Buttermilk Chocolate Cupcakes with Toffee Frosting- a moist, tender cupcake topped with a thick, rich, and creamy toffee frosting with a little crunch. These cupcakes are wonderfully decadent. If you are chocolate obsessed, you will love these cupcakes. The buttery toffee crunch makes them even more irresistible.
The cupcake batter for these Chocolate Buttermilk Cupcakes with Toffee Frosting is a real winner. It’s a great cupcake recipe to have and would taste great with any frosting.
The key to this cupcake batter is the buttermilk. It makes the cupcakes wonderfully moist and tender.
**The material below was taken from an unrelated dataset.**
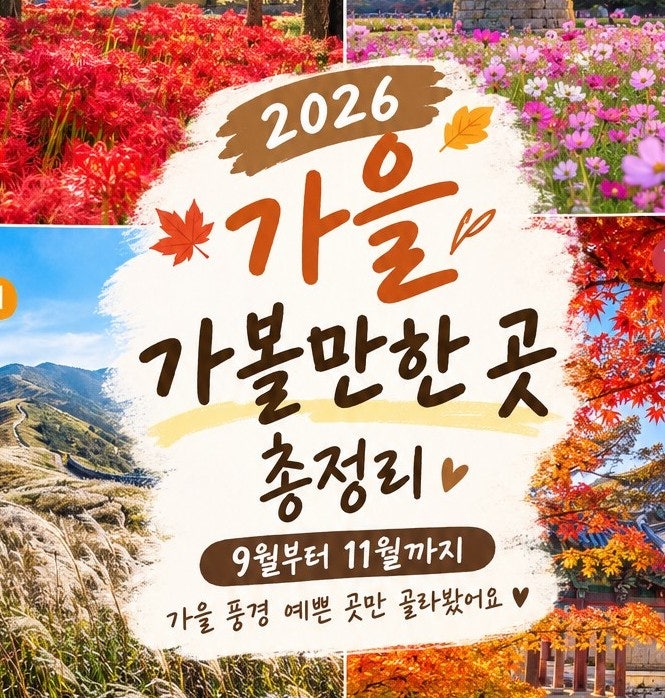 2026 경상도 가을 가볼만한 곳 총정리 9월부터 11월까지｜가을 단풍여행지 추천 월별 가볼만한....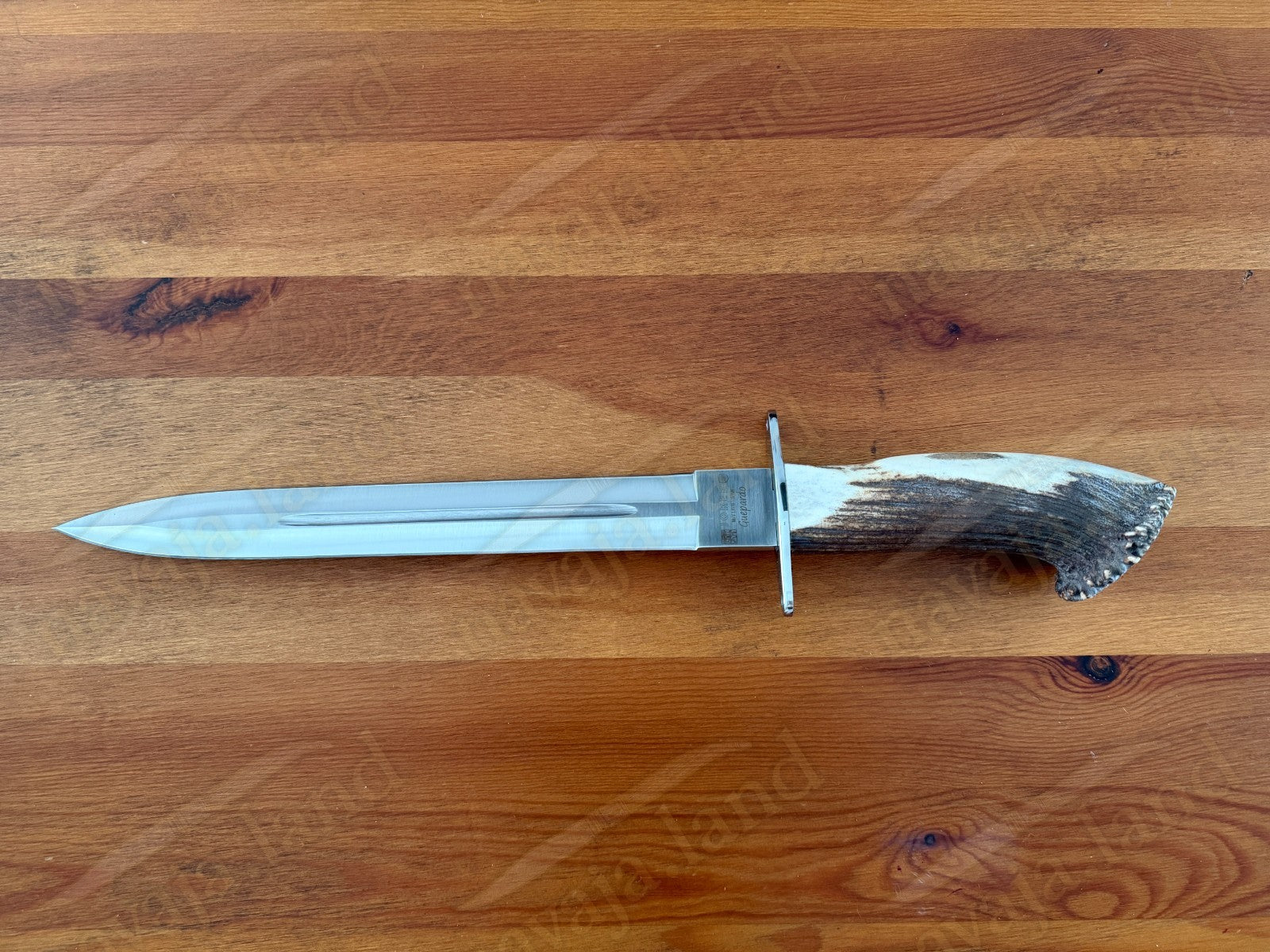 Joker Guepardo Hunting Knife – 11.81” Blade MOVA 1.4116 | Deer Antler Handle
Tips for making Chocolate Buttermilk Cupcakes with Toffee Frosting
- Only fill the cupcake liners halfway. Any more and they will be too full which will either result in the cupcakes sinking in the middle or you will have big mushroom tops.
- I use alot of buttermilk for everything form Buttermilk Pancakes to Buttermilk Pie. But if you don’t have any you can make an easy buttermilk substitute by adding 1 tablespoon of lemon juice or white vinegar to a glass measuring cup and then adding milk to the 1 cup line. Let sit 5 minutes before using.
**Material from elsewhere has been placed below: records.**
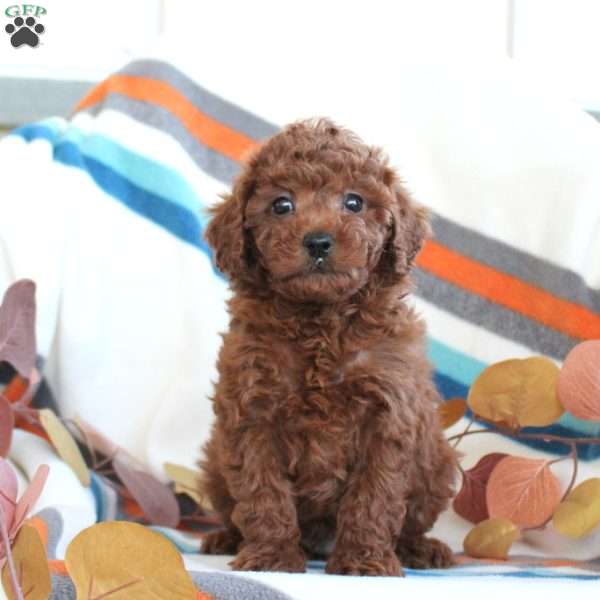 Dexter, Toy Poodle Puppy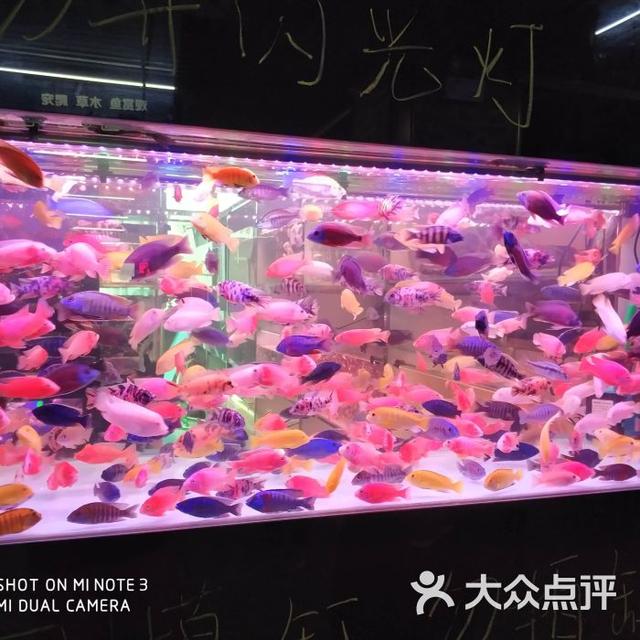 上饒觀賞魚批發(fā)市場 觀賞魚批發(fā)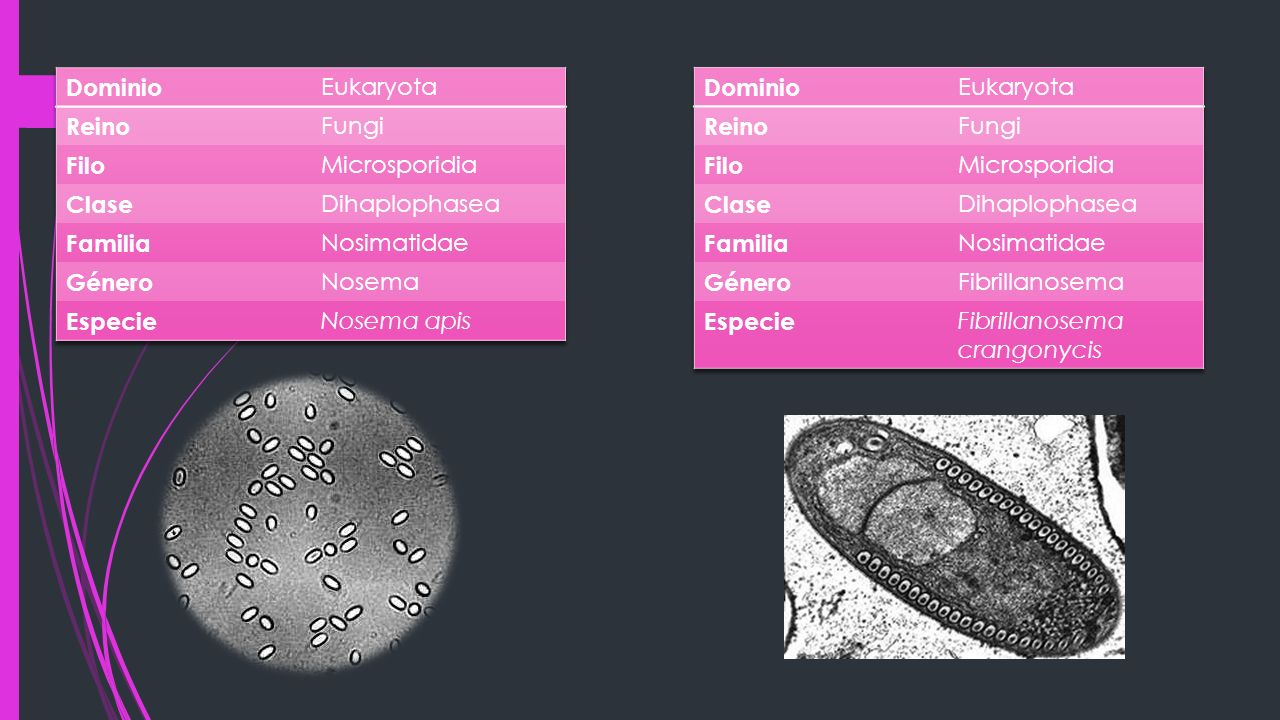 Dominio Eukaryota. Reino. Fungi. Filo. Microsporidia. Clase. Dihaplophasea. Familia. Nosimatidae.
- You can also freeze buttermilk in ice cube trays if you have some that will go bad before you have a chance to use it.
More Cupcake Recipes
Buttermilk Chocolate Cupcakes with Toffee Frosting- a moist, tender cupcake topped with a thick, rich, and creamy toffee frosting with a little crunch. These cupcakes are wonderfully decadent. If you are chocolate obsessed, you will love these cupcakes.
- 1/2 cup butter, softened
- 1 1/2 cups sugar
- 2 large eggs
- 1 teaspoon vanilla extract
- 1 1/2 cups all-purpose flour
- 1/2 cup unsweetened cocoa powder
- 1 teaspoon baking soda
- 1/4 teaspoon salt
- 1/2 cup buttermilk
- 1/2 cup water
- 1/2 cup butter, softened
- 2 cups powdered sugar
- 1/3 cup plus 1 tablespoon unsweetened cocoa powder
- 3 tablespoons milk
- 1 teaspoon vanilla
- 1 cup almond brickle chips or toffee bits, divided
Preheat oven to 375 degrees and line 24 muffin cups with paper liners.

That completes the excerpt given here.